A properly written nursing intervention is specific for the problem, realistic for the patient, compatible with the medical plan of care, and based on scientific, evidenced-based principles. The following examples illustrate appropriate conversion of general nursing interventions into specific nursing interventions:

•Add four servings of fruits and vegetables of patient’s choice to daily menu, one extra serving per meal and one snack.
•Turn the patient every 2 hours with the assistance of two personnel and the lift sheet.
•Offer water and juices up to 2000 mL per day according to the following schedule: 7 to 3 shift, 1200 mL; 3 to 11 shift, 600 mL; 11 to 7 shift, 200 mL.

Communicating the Nursing Care Plan

After completing the initial assessment, analyzing the data, writing the nursing diagnoses, selecting outcomes, and selecting appropriate nursing interventions (which are then made more specific with written nursing interventions), the nurse has the responsibility to communicate the detailed plan of care for the patient. The written nursing care plan is the tangible product of the nursing process (Table 5-4). (Refer to Chapter 3 for additional information on charting and documentation.)

Because the nursing staff constantly changes (nurses work different shifts and have days off), written guidelines are important for continuity of patient care. Continuity increases patient trust in the nursing staff and promotes outcome achievement.

Nursing care plans may be specifically written for a patient, or the nurse may use a standardized care plan for a patient.
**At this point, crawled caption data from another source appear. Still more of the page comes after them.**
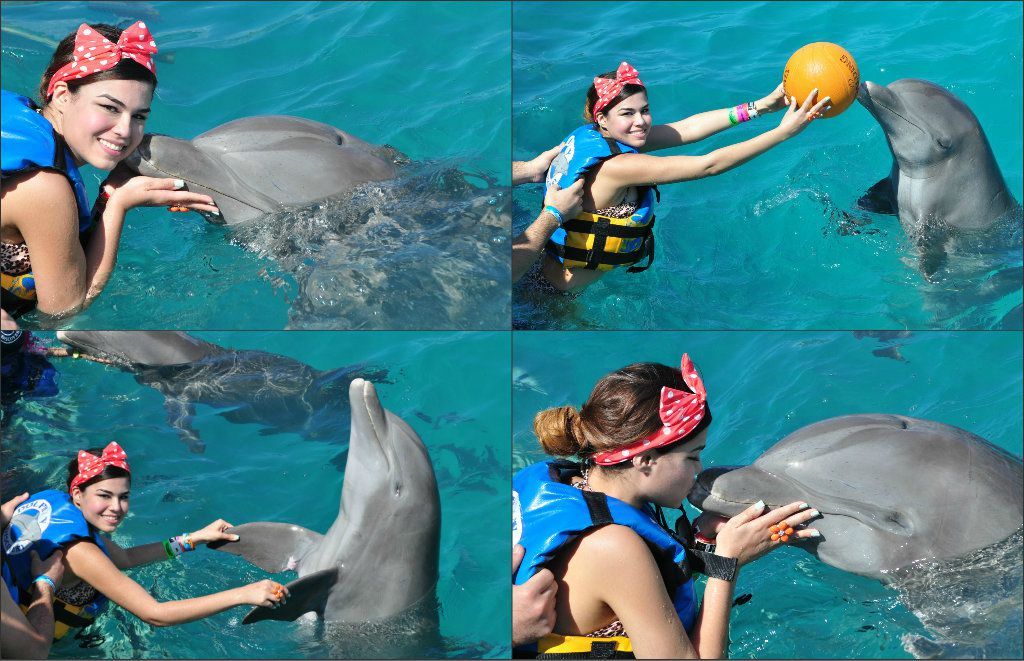 Image hosting by KeepandShare.com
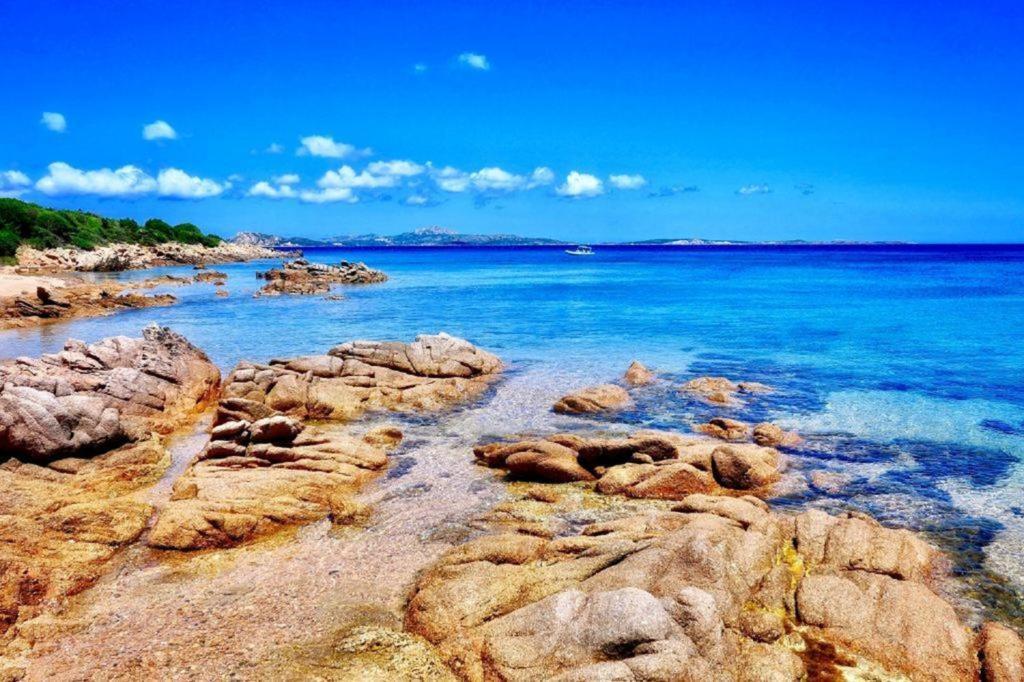 Portocervo House Daire Arzachena Dış mekan fotoğraf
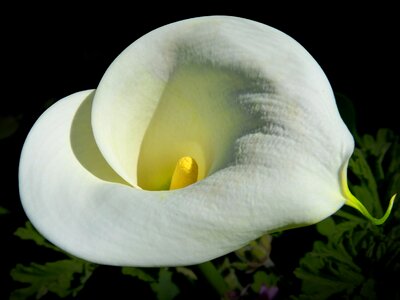 Flower beauty purity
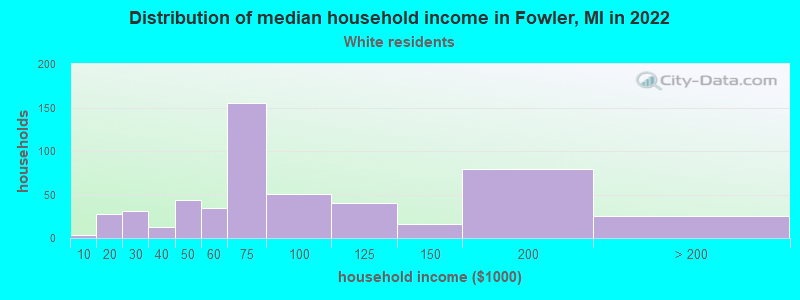 Distribution of median household income in Fowler, MI in 2022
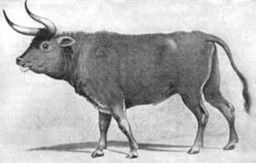 Первісний бик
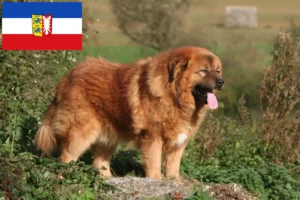 Read more about the article Hodowca psów tybetańskich i szczeniąt w Szlezwik-Holsztyn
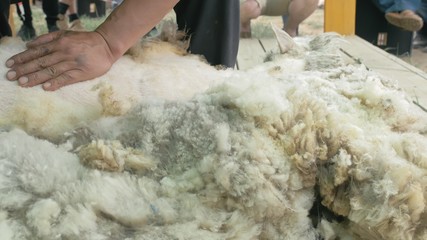 Men shearer shearing sheep at agricultural show in competition. The process by which wool fleece of a sheep is cut off. Electric professional sheep manual hair clipper sheep cutting shearing machine.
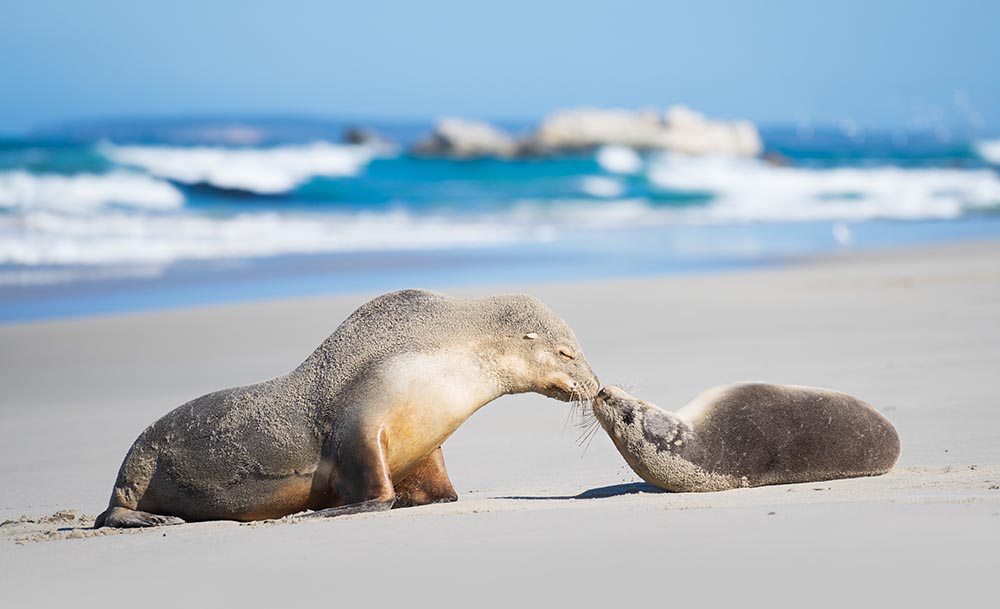 Seal laying on beach sand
The nurse must individualize each care plan to the patient, even with use of standardized care plans. Individually prepared care plans are the most time consuming but often provide care that is best matched to the specific patient’s needs and situation. An individualized plan of care takes into consideration pertinent patient characteristics such as age, culture, and medical diagnosis.

Standardized nursing care plans are appropriate for patient populations with routine, expected care requirements. Women who have had a vaginal delivery or a cesarean delivery are ideal patient populations for standardized care plans. Many standardized care plans include blank spaces that the nurse fills in to individualize to some degree.

Linear Care Plans versus Concept Maps

Among nursing faculty, a range of different expectations often exists for the care planning process. Formats for the written nursing care plan vary from school to school. Components that are common in an educational setting are NANDA-I diagnostic labels, patient-centered goals and desired patient outcomes, and nursing interventions and orders.

Nursing faculty may require students to submit the care plan in a four-column or five-column format that is referred to as a linear style. With this system, rationale is often necessary to explain why the intervention is needed or how the intervention will work. This encourages the student to use critical thinking skills and evidence-based practice for supporting the nursing interventions chosen.

Other nursing faculty may prefer the care plan to be represented as a concept map. A concept map, with use of different shapes and connecting lines to show relationships, provides a visual representation of the care plan (Berman et al., 2008). With concept mapping, the student may put the nursing diagnosis into a rectangular shape in the middle of the page; interventions are in circles that branch off from the nursing diagnosis, and outcomes are placed into a triangle. The student should follow the specific guidelines of the nursing program for topics to be included on a concept map and its organization.